137Cs distribution at the sites confirmed that the 137Cs tracking procedure can be effectively used to assess soil erosion and deposition rates. The application of the 137Cs tracking system enabled us to quantify the extent of soil erosion in the Northern Palestine region. For the reference site, the inventories ranged between 2927 and 4086 Bq/m2. The average value of the reference site is 3315 ± 410 Bq/m2, which corresponds to a coefficient of variance of about 12%, suggesting that the fallout 137Cs deposited in this region is a result of both old nuclear weapon tests conducted in 1950s–1960s and the Chernobyl disaster that occurred in 1986.
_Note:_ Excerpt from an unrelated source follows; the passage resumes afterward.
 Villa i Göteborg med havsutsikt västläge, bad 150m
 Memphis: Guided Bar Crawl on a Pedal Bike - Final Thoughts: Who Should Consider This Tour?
Finally, the 137 Cs tracking technique is a useful erosion model for the Northern Palestine region. This data can be used to refine erosion control guidelines influencing the selection of a vast array of management practices by an agricultural producer, such as tillage, fertilizer application, crop rotation, plant population, and structures. Thus, the future work, which will be carried out in phase–II of the project, highly recommends the selection of more locations in Gaza and the West Bank in order to generate a soil erosion map of Palestine. This result will also be presented to legislators and decision makers within the government to implement appropriate soil erosion solutions.